Web Writing That Works!

           A Project of
           The Communication Circle

Guidelines Rants Patterns Poems Services Classes Press Blog Resources About Us Site Map

HomePatterns > How to answer customer email > Set up detailed guidelines for responses


 

 

Guidelines on content

Develop a styleguide just for e-mail.

Provide a database of boilerplate answers.

Set up detailed guidelines for responses

Set up an auto-responder to reply within a few seconds, saying, "Thanks for your message, I'll get back to you within 24 hours."

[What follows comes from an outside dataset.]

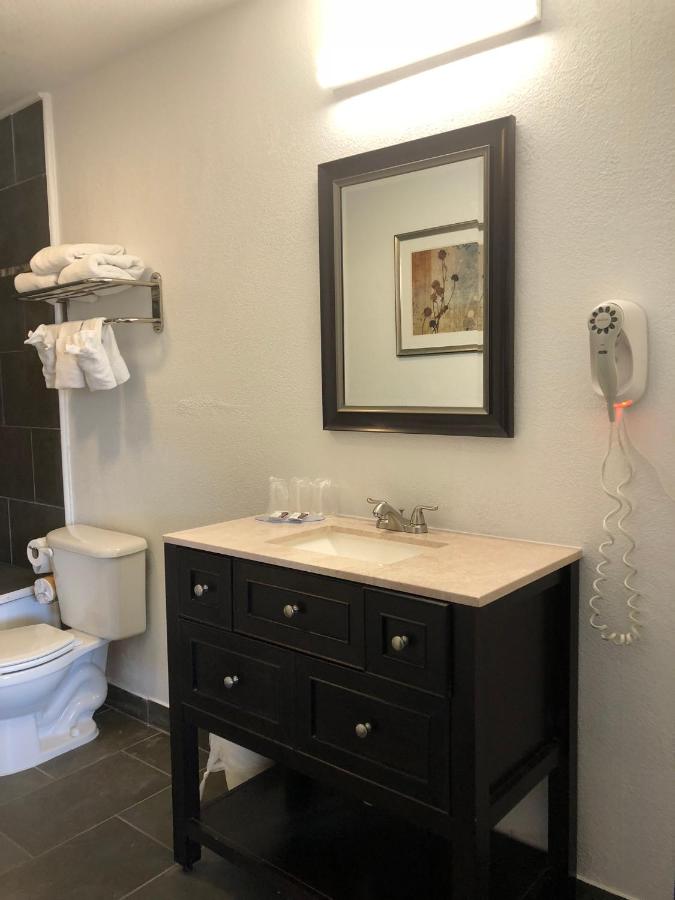 Budget Inn — photo 6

People suspect their e-mail will go wrong. So getting an immediate response is reassuring, even if the text is boilerplate. (Of course, you ought to put your full name, address, and phone in there, too, as evidence of your good faith).

Then beat their expectations by responding within 6 hours.

Don't let a day go by without a response. You must set some kind of deadline for replies.

The sign of a mature site is absolute determination to reply within a few hours. Beginning sites often neglect this little touch, making thousands of customers mad enough to vow never to return.

Resource:

E-mail responses to customers, chapter from Hot Text, Web Writing that Works (PDF, 995K, or about 18 minutes at 56K)

 

Guidelines on content

Set some limits on what respondents can say, too. They must not:

  • Preannounce products or services
  • Promise repairs that may not materialize,
  • Swear that if the reader just follows the advice everything will work like a well-oiled machine.

Develop a styleguide just for e-mail.

A styleguide lays down the law for your customer service reps. In the styleguide, you should:

  • Define the exact capitalization, spelling, punctuation of product names, departments, technical terms, so you are consistent within your message, and if anyone else writes to the same customer, the text looks as if it comes from the same company.
  • Ban e-mail abbreviations like BTW ('by the way"), and THX ("Thanks") because some people imagine those are airports, or car models.
  • Keep it clean.  No swearing.  No snide comments about stupid users.
  • Keep it legal. No attacks on a gender, age group, religion, ethnic group, nationality, area of the country...you know the drill. 
  • Offer standard patterns for responses, so reps know how to organize a reply.

Provide a database of boilerplate answers.

These are not enough, but you need standard troubleshooting guides, and regular procedures.  Your customer service reps must have some advice they can take off the shelf, and plug into their responses. 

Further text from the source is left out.